In 2011, 34 million people around the world were living with HIV, 1.7 million died from the disease, and an additional 2.5 million people were newly infected. Antiretroviral therapy (ART) for HIV slows the progression of the disease, allowing people to live longer, support their families, and contribute to their communities. However, the aggregate cost of sustaining ART treatment is large and rising. An estimated $18.9 billion was spent on HIV treatment, care, and support in low- and middle-income countries in 2012. It is critical to find ways to make treatment as affordable and efficient as possible, and to continue improving HIV prevention so that fewer people become infected.

The Opportunity

Recent research suggests that AIDS treatment also has important prevention benefits. ART reduces the amount of the HIV virus in a person’s body, thereby dramatically decreasing the likelihood of transmitting HIV to others. It is now important to answer the remaining questions surrounding ART, such as how soon after becoming HIV-positive an individual should commence treatment, how much it would cost to expand ART to larger numbers of infected people in high-prevalence countries, whether a “test and treat” approach would be cost-effective, and whether low-income countries in Africa and Asia could afford such programs.

Our Work

To help answer these questions, R4D teamed with Imperial College London to develop an analysis, entitled The Prevention Benefits of Expanding AIDS Treatment: How Large and How Affordable Are They?,” which was presented at the Wilton Park Conference in June 2012. Focusing on South Africa, the authors sought to estimate the population-level prevention impact, cost, and affordability of expanded ART.

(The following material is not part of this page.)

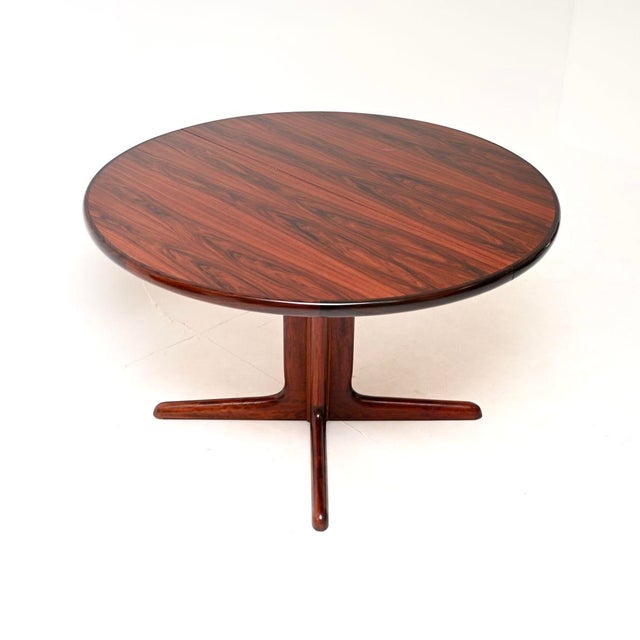 Vintage Danish Extending Dining Table, 1960s For Sale - Image 4 of 13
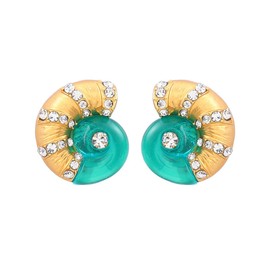 Sea Snail Earrings, Ocean Conch Seashell Dangle Earrings for Women, Bohemian Shell Conch Statement Earrings, Sea Shell Stud Earrings Summer Boho Jewelry, Beach Seashell Conch Drop Earrings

The study, supported by Gilead Sciences, found that in South Africa, treatment efforts to date may have reduced new infections by 15-30% over the past six years. If the South African government continues to expand ART, the number of new infections could fall by an additional 26%. While such expanded treatment could double ART costs over the next five years, fiscal space analysis suggests that the required incremental spending is affordable for the South African government, without external funding. However, other high-prevalence countries with lower per-capita income, such as Zambia or Mozambique, might require additional financial assistance to pay for broader AIDS treatment.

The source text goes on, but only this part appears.